I tell you, as someone who has struggled mightily with jealousy her whole life, going through infertility was a good thing for me. There is nothing to hone a person’s skills in humility more than smiling stiffly through scads of pregnancy announcements and baby showers for a few years while desperately wanting another baby to arrive. I could have gotten permanently bitter and mean and seen my own life as not enough for me (it happens and I could point to blogs to prove it but have no interest in doing THAT). But it was a deliberate choice not to get that way despite the temptation. I’m not getting all saintly about this, about seeing my blessings instead of wallowing in misery (for the record, I tried on both and bounced back and forth between them). I’m saying that it was a deliberate choice to say, if this is how my life will be, I will take meaning from it. I will let it improve me instead of make me miserable. Because, dammit, I like my life and I won’t let circumstances ruin it for me.
See, that’s intrinsic happiness at work. (I don’t think it’s always a choice. I have come to believe — despite hearing all my growing up that I was a pessimist — that I am a staunch if cautious optimist. It’s just that I’m also kinda whiny.)

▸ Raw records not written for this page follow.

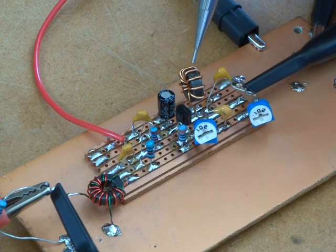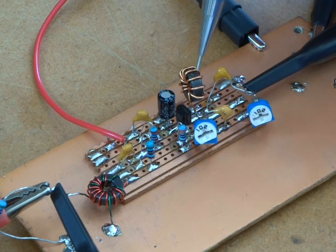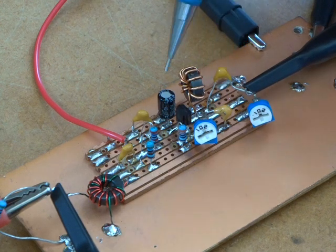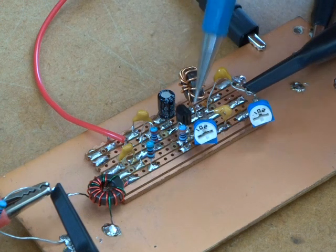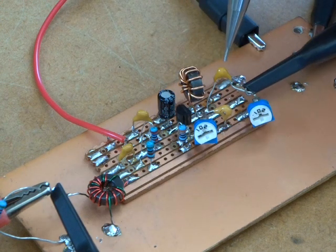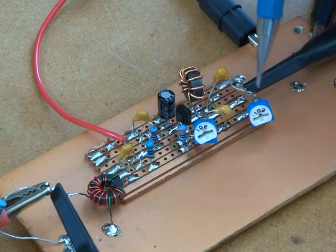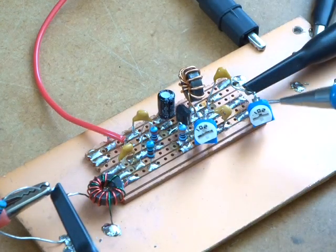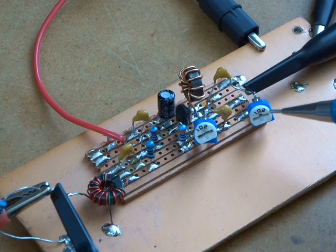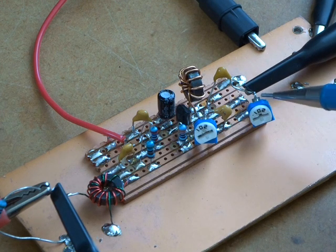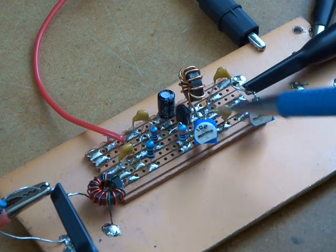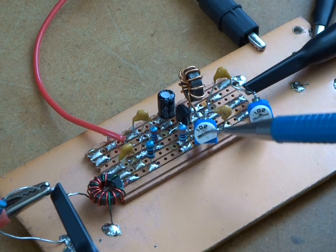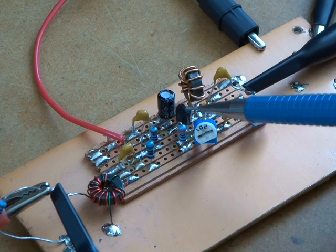And I've now got in there an FT37-43 with 10 turns. So that is effectively, in fact it is, it's a radio frequency choke, an RFC. So that's now blocking all the RF from going up into the VCC line, and it's forcing it all the way through that 100 nF capacitor and across my load. The load at the moment is just a little variable trim pot there, it's a 102, so a 1K trim pot.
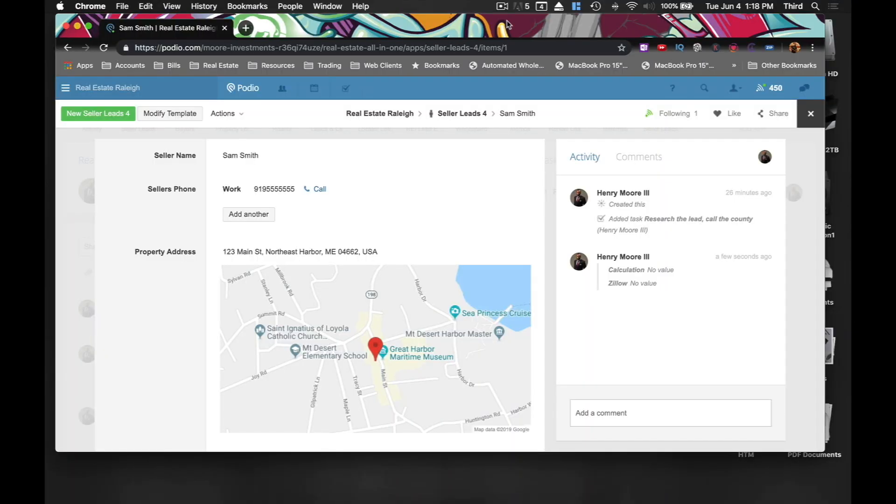I'm Henry Moore III, and this is How to Mogul. And today, I'm going to be showing you how to add a Zillow link into your seller leads ad in Podio.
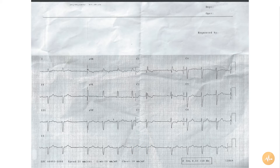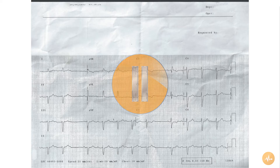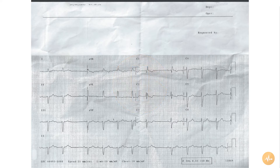This is an ECG recorded from a patient suffering with recurrent collapses. Pause this recording now and interpret the ECG on your own, before pressing play again to hear me interpret the ECG.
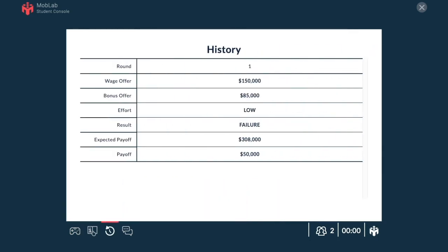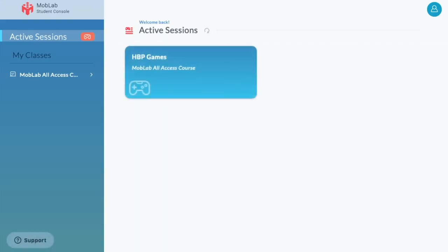When you're finished playing, you can remain in the current session if your instructor immediately plans to run another activity. Or, you can click the X button to leave the activity and return to the console.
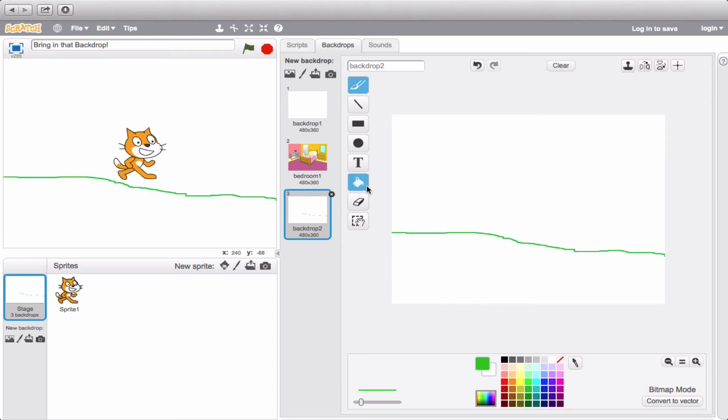Okay, so I have the top of my ground and let's fill it in with some green, but that's a little bit darker.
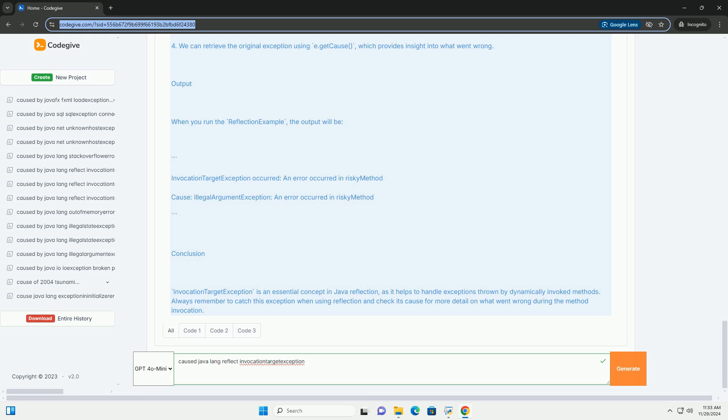4. We can retrieve the original exception using e.getCause, which provides insight into what went wrong.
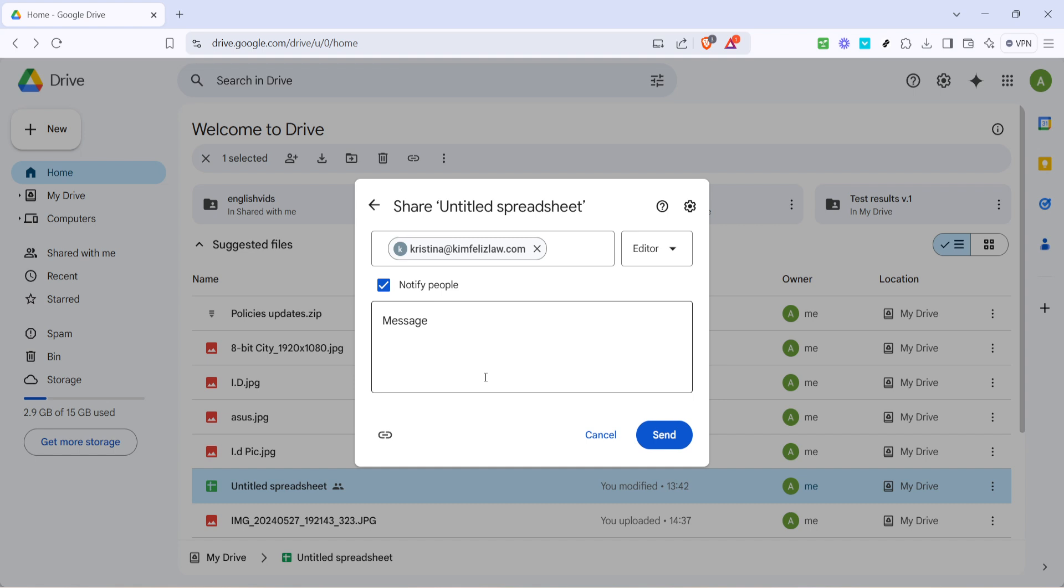And there you have it, you've successfully shared your Excel sheet on Google Drive. This sharing method is incredibly efficient for collaboration as it allows others to view or edit the document as needed. Feel free to return to these steps whenever you need to share other files and enjoy the seamless collaboration that Google Drive offers.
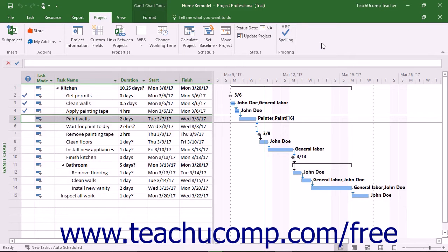You can use the Update Project function to reschedule all uncompleted project work. As when updating work completed in a project file, you can also reschedule all tasks within a project file or only selected tasks.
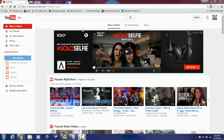Before we jump into the tutorial, let me tell you about a few of the intricacies of fan funding. Fan funding is a tool that allows your fans to support your channel by making payments using Google Wallet. When you set up fan funding, your viewers can support your channel by clicking on the support button that shows up on your channel's home page.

Likewise, like Jackie I can get undone worrying and do almost every night when insomnia kicks in and my defenses are down. Feeling happy is scary. It seems smarter to be worried or fearful or angry or even sad because it seems like when life is not so hot and I’m happy anyway that I’m giving in and settling for the not so hot parts. So here I am worried about my freelancing career and I think, “But if I’m happy instead of tormented, who will do the work of worrying?” As if the worrying does more than steal my sleep. As if the worrying actually somehow effects positive change.
I think, “If I take my eye off the prize — off of the Baby Alive or the book deal, then it’s like I’m saying no to them. It’s like I’ll lose the hunger to claw my way to them.” This is when I have to stop and do the one day at a time thing. It’s when I have to stop and look down at my feet and see where I’m standing, take notice of my surroundings and what I’m learning on the way.
I am thinking about the new year. I am thinking about this my last year as a thirty-something and thinking about how I want to enjoy my life as I live it and how I want to wring all I can out of my experiences. (Because I am greedy after all.) I want to have enough faith in the hard work that I do that I don’t feel like I have to second-guess myself late at night when everyone else is asleep and I get to worrying. I want to be kinder, less apprehensive, more interested in what’s happening now.
Those are some of my resolutions. This my first year to make some after at least two decades of not caring much for resolutions. It’s because I’m getting older, I’m sure. (And more near-sighted. Sheesh.)